Terrorismo
Adolescenti condannati con pene lievi nel caso della decapitazione dell’insegnante francese
Sei adolescenti sono stati condannati per il loro ruolo nell’omicidio dell’insegnante di francese Samuel Paty nel 2020. Paty è stato decapitato da un rifugiato musulmano che si era offeso per la sua rappresentazione del profeta Maometto durante una lezione sulla libertà di parola.
Paty, un insegnante di storia e geografia, è stato pugnalato a morte e decapitato vicino alla sua scuola nel sobborgo parigino di Conflans-Sainte-Honorine nel 2020. Il suo assassino, un ceceno di 18 anni arrivato in Francia con la sua famiglia come rifugio cercatore di sei anni, è stato ucciso dalla polizia sul posto.
Prima del suo omicidio, Paty aveva mostrato agli studenti immagini del profeta islamico Maometto durante una lezione sulla blasfemia e sulla legge sulla libertà di parola.
Dopo un processo a porte chiuse presso un tribunale dei minorenni, i sei ragazzi sono stati condannati venerdì.
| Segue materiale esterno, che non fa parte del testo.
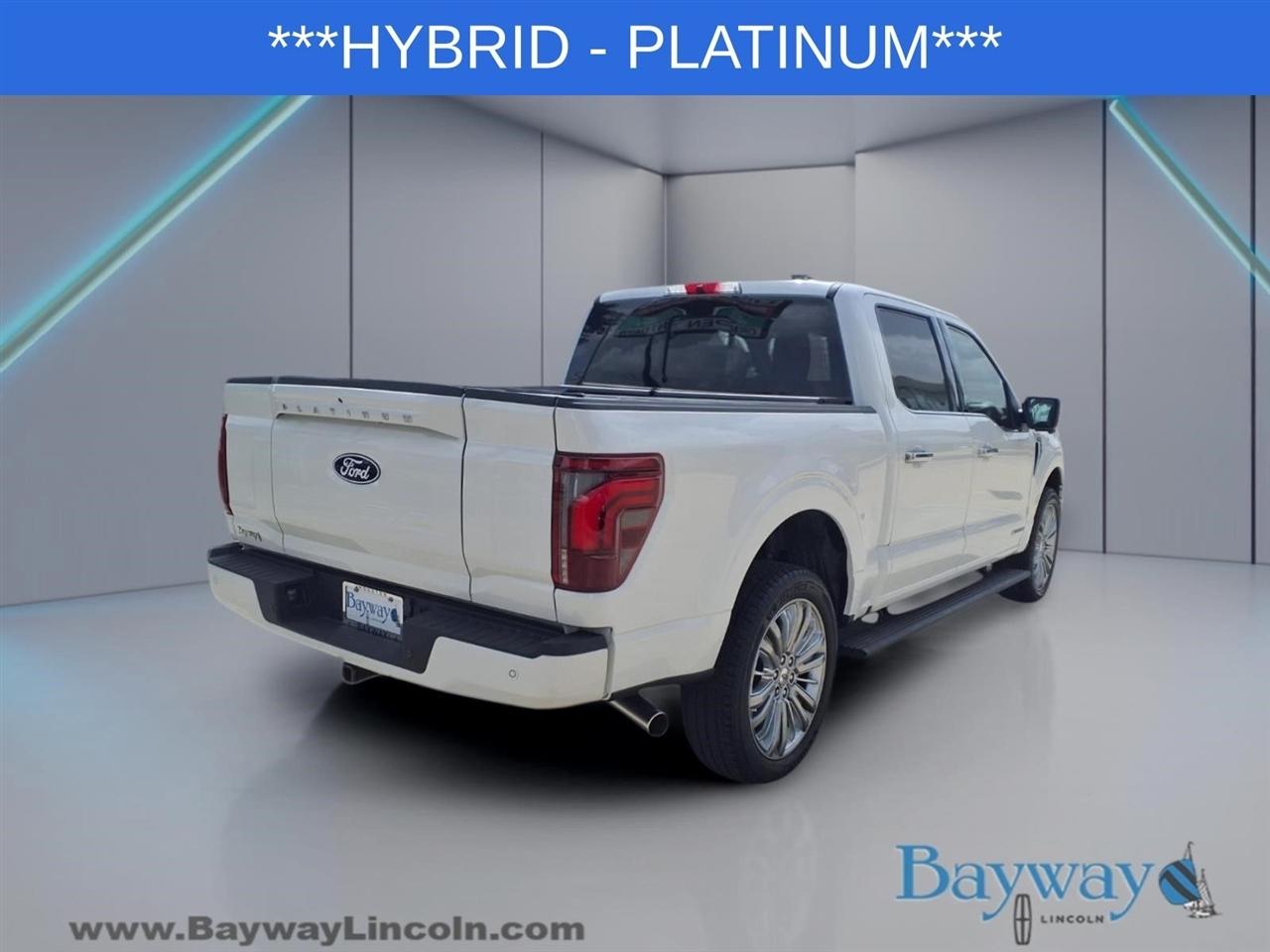 Ford F-150 Platinum SuperCrew 4WD 2025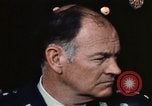 Immagine di Il Segretario della Difesa James Schlesinger Washington DC USA, 1974, secondo 12 filmato di repertorio 65675042308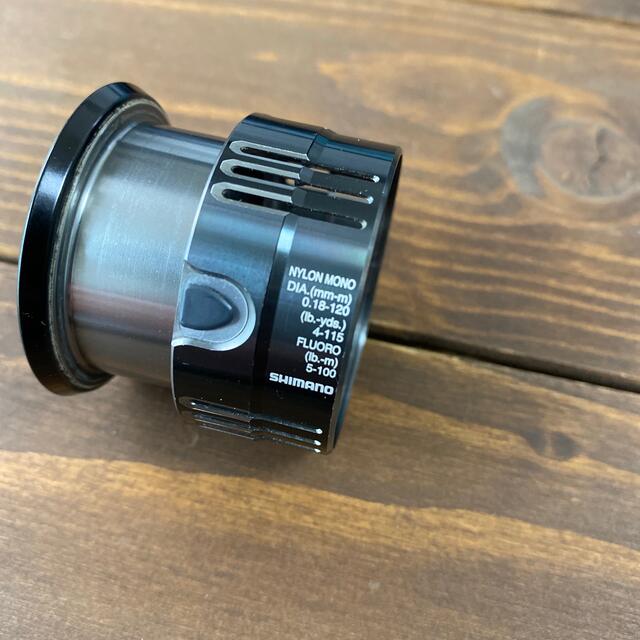 SHIMANO(シマノ)のヴァンキッシュc2500shg スプール スポーツ/アウトドアのフィッシング(リール)の商品写真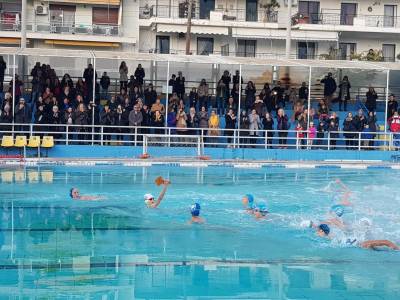 Παρά το κρύο κανονικά ο αγιασμός των υδάτων στο κολυμβητήριο Καλαμάτας (φωτογραφίες)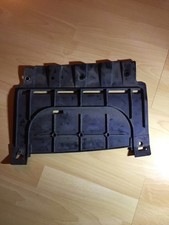 bmw e92/e93 führung hinten mitte unten unterboden heckstoßstange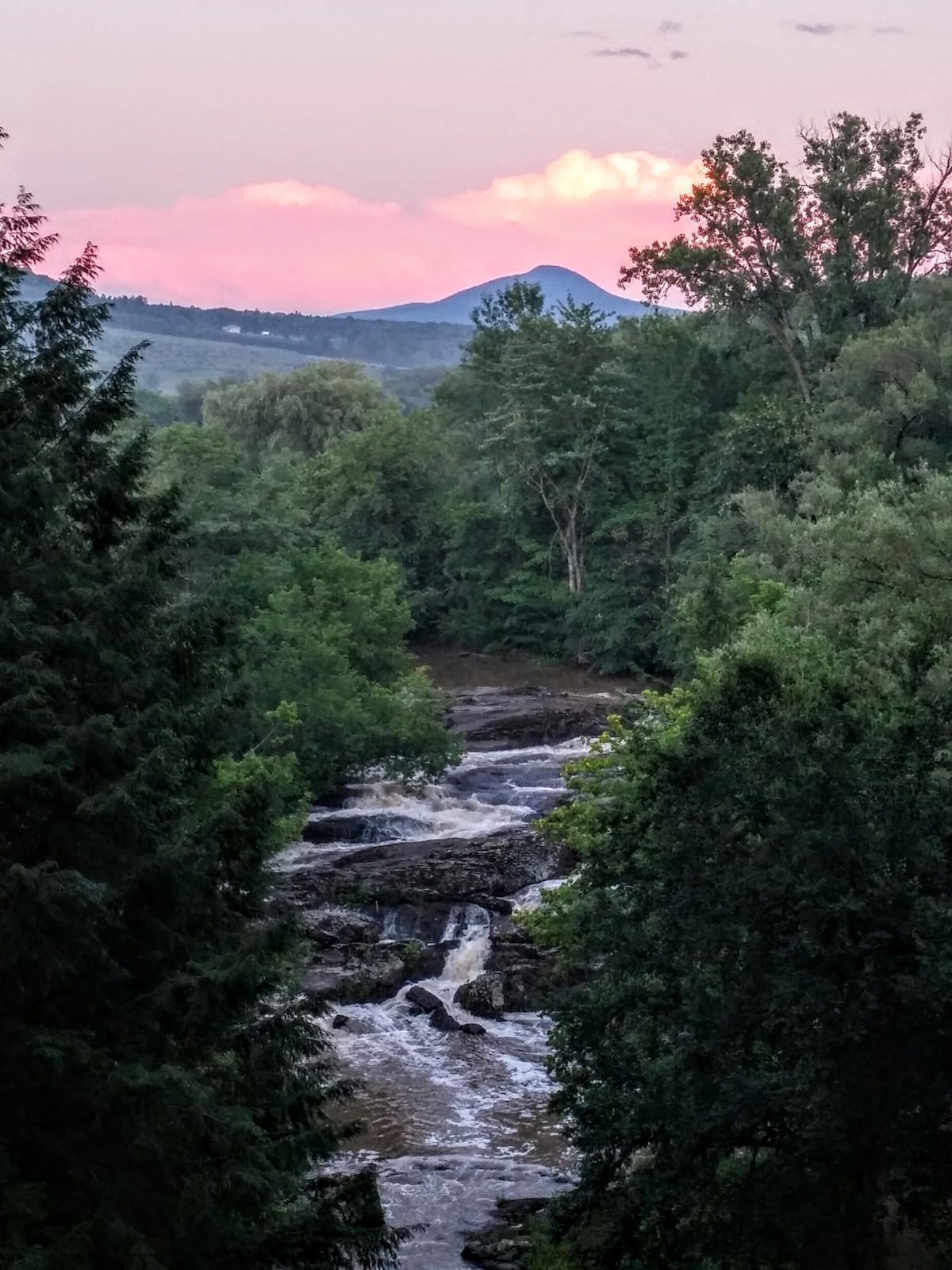 Domaine avec chutes et ruisseau à Frelighsburg, Québec in Frelighsburg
Cinque dei giovani, che al momento dell’omicidio avevano tra i 14 ei 15 anni e che avevano aiutato l’assassino a identificare Paty, sono stati giudicati colpevoli di associazione a delinquere con intento di provocare violenza.
Una studentessa che all’epoca aveva 13 anni è stata giudicata colpevole di aver rilasciato false dichiarazioni. Aveva affermato che Paty aveva ordinato agli studenti musulmani di identificarsi prima della lezione, tuttavia, in seguito è emerso che lei non era presente in classe e che Paty aveva informato gli studenti musulmani che potevano lasciare l’aula se non volevano vedere immagini offensive.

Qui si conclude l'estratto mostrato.